For all the buzz about trendy IT techniques, data processing is still at the core of our systems, especially now that enterprises all over the world are confronted with exploding volumes of data. Database performance has become a major headache, and most IT departments believe that developers should provide simple SQL code to solve immediate problems and let DBAs tune any bad SQL later. In The Art of SQL, author and SQL expert Stephane Faroult argues that this safe approach only leads to disaster. His insightful book, named after Art of War by Sun Tzu, contends that writing quick inefficient code is sweeping the dirt under the rug. SQL code may run for 5 to 10 years, surviving several major releases of the database management system and on several generations of hardware. The code must be fast and sound from the start, and that requires a firm understanding of SQL and relational theory. The Art of SQL offers best practices that teach experienced SQL users to focus on strategy rather than specifics. Faroult's approach takes a page from Sun Tzu's classic treatise by viewing database design as a military campaign. You need knowledge, skills, and talent. Talent can't be taught, but every strategist from Sun Tzu to modern-day generals believed that it can be nurtured through the experience of others.
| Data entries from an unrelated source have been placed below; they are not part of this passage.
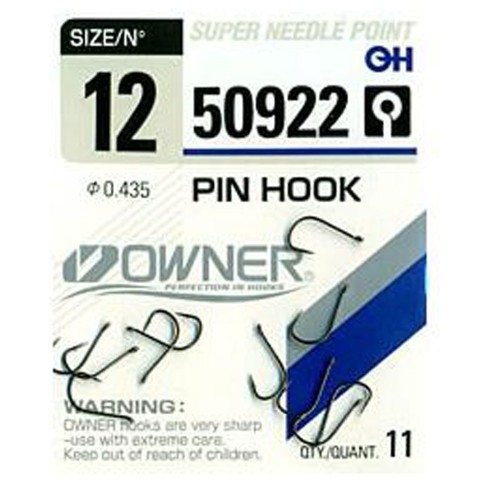 Owner Pin Hook 50922
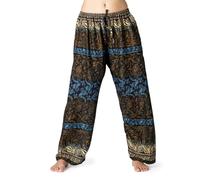 PANASIAM Relax Pants Indostyle, Black, XL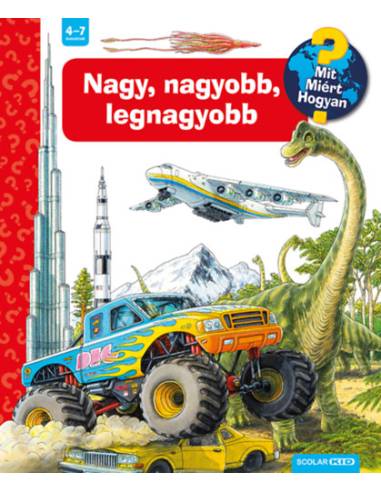 Nagy, nagyobb, legnagyobb - Mit? Miért? Hogyan?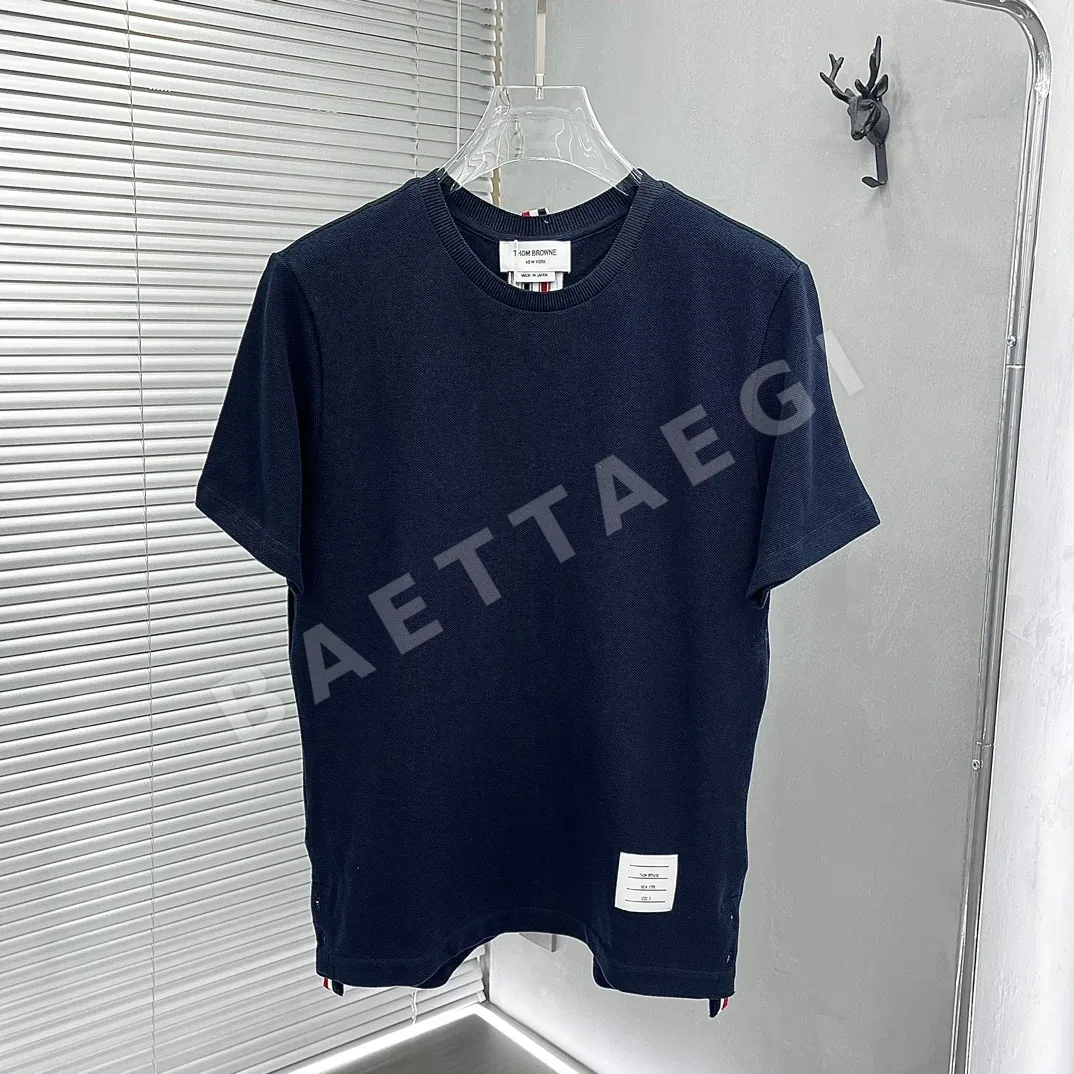 톰브라운 피케 크루넥 반팔 셔츠 50368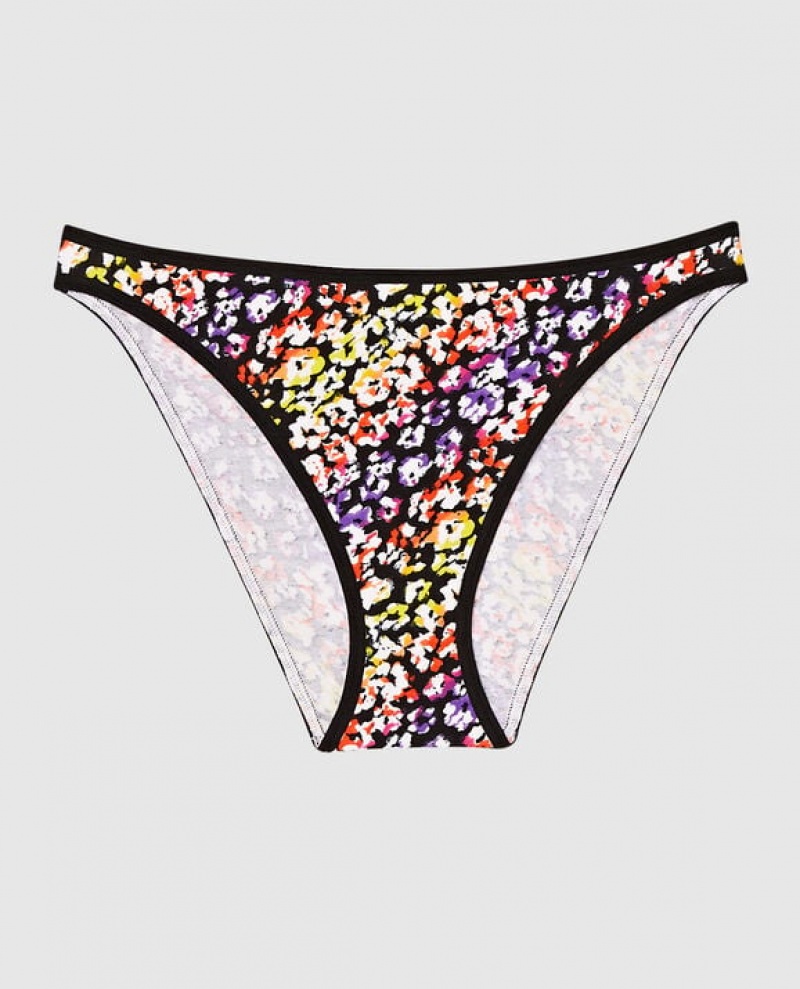 Ropa Interior La Senza Bikini Panty Mujer Multicolor Leopardo | 1vvWZT3s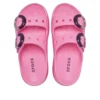 Saturday Plateau-Sandale mit getauchter Schnalle «Pink Lemonade»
They passed on their experience acquired in the field through basic principles that served as guiding stars amid the sound and fury of battle. This is what Faroult does with SQL. Like a successful battle plan, good architectural choices are based on contingencies. What if the volume of this or that table increases unexpectedly? What if, following a merger, the number of users doubles? What if you want to keep several years of data online? Faroult's way of looking at SQL performance may be unconventional and unique, but he's deadly serious about writing good SQL and using SQL well. The Art of SQL is not a cookbook, listing problems and giving recipes. The aim is to get you-and your manager-to raise good questions.